### Problem to solve
Each record is to be transcribed exactly.

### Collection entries
==*==

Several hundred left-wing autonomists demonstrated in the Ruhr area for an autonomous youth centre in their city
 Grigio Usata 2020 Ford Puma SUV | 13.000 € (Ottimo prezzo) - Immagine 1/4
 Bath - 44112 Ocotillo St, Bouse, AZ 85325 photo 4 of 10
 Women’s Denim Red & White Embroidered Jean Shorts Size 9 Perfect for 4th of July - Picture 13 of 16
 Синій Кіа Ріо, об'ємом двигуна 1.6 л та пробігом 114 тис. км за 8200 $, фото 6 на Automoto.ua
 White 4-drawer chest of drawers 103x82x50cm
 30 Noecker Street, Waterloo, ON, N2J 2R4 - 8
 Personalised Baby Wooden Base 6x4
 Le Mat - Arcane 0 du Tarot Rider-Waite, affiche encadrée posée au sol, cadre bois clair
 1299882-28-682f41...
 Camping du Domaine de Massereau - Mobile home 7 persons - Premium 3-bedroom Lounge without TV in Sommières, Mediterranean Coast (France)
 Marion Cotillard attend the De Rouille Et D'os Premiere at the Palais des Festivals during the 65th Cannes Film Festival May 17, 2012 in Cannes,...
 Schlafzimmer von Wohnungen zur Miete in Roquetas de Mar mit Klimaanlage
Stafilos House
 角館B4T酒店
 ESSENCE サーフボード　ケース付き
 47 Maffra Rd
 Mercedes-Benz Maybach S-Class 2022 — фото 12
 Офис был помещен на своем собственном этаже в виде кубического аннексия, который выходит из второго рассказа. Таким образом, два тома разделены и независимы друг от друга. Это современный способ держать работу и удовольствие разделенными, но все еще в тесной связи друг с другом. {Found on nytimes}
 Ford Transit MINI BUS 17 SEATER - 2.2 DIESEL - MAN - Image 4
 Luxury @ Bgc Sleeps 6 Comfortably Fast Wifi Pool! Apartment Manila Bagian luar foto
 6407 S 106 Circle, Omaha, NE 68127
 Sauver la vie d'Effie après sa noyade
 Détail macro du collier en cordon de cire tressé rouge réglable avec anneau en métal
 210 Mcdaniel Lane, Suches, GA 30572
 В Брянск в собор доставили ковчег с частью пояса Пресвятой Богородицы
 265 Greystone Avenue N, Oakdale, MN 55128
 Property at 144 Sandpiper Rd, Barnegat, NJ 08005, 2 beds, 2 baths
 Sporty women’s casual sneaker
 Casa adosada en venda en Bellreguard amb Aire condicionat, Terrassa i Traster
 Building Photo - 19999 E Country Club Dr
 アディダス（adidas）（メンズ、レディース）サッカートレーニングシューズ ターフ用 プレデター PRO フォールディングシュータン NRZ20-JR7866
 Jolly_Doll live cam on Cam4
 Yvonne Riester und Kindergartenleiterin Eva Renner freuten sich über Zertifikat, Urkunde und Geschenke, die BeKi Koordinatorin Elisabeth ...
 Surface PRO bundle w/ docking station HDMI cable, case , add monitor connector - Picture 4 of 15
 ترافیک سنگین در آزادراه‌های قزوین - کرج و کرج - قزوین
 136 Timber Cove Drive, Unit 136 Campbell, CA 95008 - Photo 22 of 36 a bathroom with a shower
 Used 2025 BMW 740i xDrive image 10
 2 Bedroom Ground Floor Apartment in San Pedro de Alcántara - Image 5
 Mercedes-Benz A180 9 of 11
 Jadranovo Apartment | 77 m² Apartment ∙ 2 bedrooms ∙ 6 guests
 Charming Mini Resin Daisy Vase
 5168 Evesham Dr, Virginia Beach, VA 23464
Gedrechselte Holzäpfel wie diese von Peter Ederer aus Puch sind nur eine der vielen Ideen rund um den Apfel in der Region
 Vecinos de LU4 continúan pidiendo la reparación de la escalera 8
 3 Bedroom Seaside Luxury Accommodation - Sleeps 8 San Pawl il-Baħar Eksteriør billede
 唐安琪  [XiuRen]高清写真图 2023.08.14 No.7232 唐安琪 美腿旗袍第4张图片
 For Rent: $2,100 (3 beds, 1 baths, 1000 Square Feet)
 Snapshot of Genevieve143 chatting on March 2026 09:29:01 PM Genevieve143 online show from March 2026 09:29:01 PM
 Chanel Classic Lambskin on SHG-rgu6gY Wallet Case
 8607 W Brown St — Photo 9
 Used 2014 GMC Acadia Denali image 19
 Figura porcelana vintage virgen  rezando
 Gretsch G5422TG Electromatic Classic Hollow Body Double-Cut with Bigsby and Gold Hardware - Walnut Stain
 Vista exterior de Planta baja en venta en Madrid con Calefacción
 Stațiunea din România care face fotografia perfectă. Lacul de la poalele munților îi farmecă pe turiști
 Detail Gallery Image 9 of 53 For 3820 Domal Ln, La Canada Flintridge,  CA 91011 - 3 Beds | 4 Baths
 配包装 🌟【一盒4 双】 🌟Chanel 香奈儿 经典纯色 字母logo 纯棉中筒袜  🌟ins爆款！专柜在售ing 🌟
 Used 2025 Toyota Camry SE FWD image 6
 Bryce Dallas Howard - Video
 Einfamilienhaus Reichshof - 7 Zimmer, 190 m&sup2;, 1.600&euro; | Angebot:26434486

==*==

### Solved exercise
Several hundred left-wing autonomists demonstrated in the Ruhr area for an autonomous youth centre in their city
 Grigio Usata 2020 Ford Puma SUV | 13.000 € (Ottimo prezzo) - Immagine 1/4
 Bath - 44112 Ocotillo St, Bouse, AZ 85325 photo 4 of 10
 Women’s Denim Red & White Embroidered Jean Shorts Size 9 Perfect for 4th of July - Picture 13 of 16
 Синій Кіа Ріо, об'ємом двигуна 1.6 л та пробігом 114 тис. км за 8200 $, фото 6 на Automoto.ua
 White 4-drawer chest of drawers 103x82x50cm
 30 Noecker Street, Waterloo, ON, N2J 2R4 - 8
 Personalised Baby Wooden Base 6x4
 Le Mat - Arcane 0 du Tarot Rider-Waite, affiche encadrée posée au sol, cadre bois clair
 1299882-28-682f41...
 Camping du Domaine de Massereau - Mobile home 7 persons - Premium 3-bedroom Lounge without TV in Sommières, Mediterranean Coast (France)
 Marion Cotillard attend the De Rouille Et D'os Premiere at the Palais des Festivals during the 65th Cannes Film Festival May 17, 2012 in Cannes,...
 Schlafzimmer von Wohnungen zur Miete in Roquetas de Mar mit Klimaanlage
Stafilos House
 角館B4T酒店
 ESSENCE サーフボード　ケース付き
 47 Maffra Rd
 Mercedes-Benz Maybach S-Class 2022 — фото 12
 Офис был помещен на своем собственном этаже в виде кубического аннексия, который выходит из второго рассказа. Таким образом, два тома разделены и независимы друг от друга. Это современный способ держать работу и удовольствие разделенными, но все еще в тесной связи друг с другом. {Found on nytimes}
 Ford Transit MINI BUS 17 SEATER - 2.2 DIESEL - MAN - Image 4
 Luxury @ Bgc Sleeps 6 Comfortably Fast Wifi Pool! Apartment Manila Bagian luar foto
 6407 S 106 Circle, Omaha, NE 68127
 Sauver la vie d'Effie après sa noyade
 Détail macro du collier en cordon de cire tressé rouge réglable avec anneau en métal
 210 Mcdaniel Lane, Suches, GA 30572
 В Брянск в собор доставили ковчег с частью пояса Пресвятой Богородицы
 265 Greystone Avenue N, Oakdale, MN 55128
 Property at 144 Sandpiper Rd, Barnegat, NJ 08005, 2 beds, 2 baths
 Sporty women’s casual sneaker
 Casa adosada en venda en Bellreguard amb Aire condicionat, Terrassa i Traster
 Building Photo - 19999 E Country Club Dr
 アディダス（adidas）（メンズ、レディース）サッカートレーニングシューズ ターフ用 プレデター PRO フォールディングシュータン NRZ20-JR7866
 Jolly_Doll live cam on Cam4
 Yvonne Riester und Kindergartenleiterin Eva Renner freuten sich über Zertifikat, Urkunde und Geschenke, die BeKi Koordinatorin Elisabeth ...
 Surface PRO bundle w/ docking station HDMI cable, case , add monitor connector - Picture 4 of 15
 ترافیک سنگین در آزادراه‌های قزوین - کرج و کرج - قزوین
 136 Timber Cove Drive, Unit 136 Campbell, CA 95008 - Photo 22 of 36 a bathroom with a shower
 Used 2025 BMW 740i xDrive image 10
 2 Bedroom Ground Floor Apartment in San Pedro de Alcántara - Image 5
 Mercedes-Benz A180 9 of 11
 Jadranovo Apartment | 77 m² Apartment ∙ 2 bedrooms ∙ 6 guests
 Charming Mini Resin Daisy Vase
 5168 Evesham Dr, Virginia Beach, VA 23464
Gedrechselte Holzäpfel wie diese von Peter Ederer aus Puch sind nur eine der vielen Ideen rund um den Apfel in der Region
 Vecinos de LU4 continúan pidiendo la reparación de la escalera 8
 3 Bedroom Seaside Luxury Accommodation - Sleeps 8 San Pawl il-Baħar Eksteriør billede
 唐安琪  [XiuRen]高清写真图 2023.08.14 No.7232 唐安琪 美腿旗袍第4张图片
 For Rent: $2,100 (3 beds, 1 baths, 1000 Square Feet)
 Snapshot of Genevieve143 chatting on March 2026 09:29:01 PM Genevieve143 online show from March 2026 09:29:01 PM
 Chanel Classic Lambskin on SHG-rgu6gY Wallet Case
 8607 W Brown St — Photo 9
 Used 2014 GMC Acadia Denali image 19
 Figura porcelana vintage virgen  rezando
 Gretsch G5422TG Electromatic Classic Hollow Body Double-Cut with Bigsby and Gold Hardware - Walnut Stain
 Vista exterior de Planta baja en venta en Madrid con Calefacción
 Stațiunea din România care face fotografia perfectă. Lacul de la poalele munților îi farmecă pe turiști
 Detail Gallery Image 9 of 53 For 3820 Domal Ln, La Canada Flintridge,  CA 91011 - 3 Beds | 4 Baths
 配包装 🌟【一盒4 双】 🌟Chanel 香奈儿 经典纯色 字母logo 纯棉中筒袜  🌟ins爆款！专柜在售ing 🌟
 Used 2025 Toyota Camry SE FWD image 6
 Bryce Dallas Howard - Video
 Einfamilienhaus Reichshof - 7 Zimmer, 190 m&sup2;, 1.600&euro; | Angebot:26434486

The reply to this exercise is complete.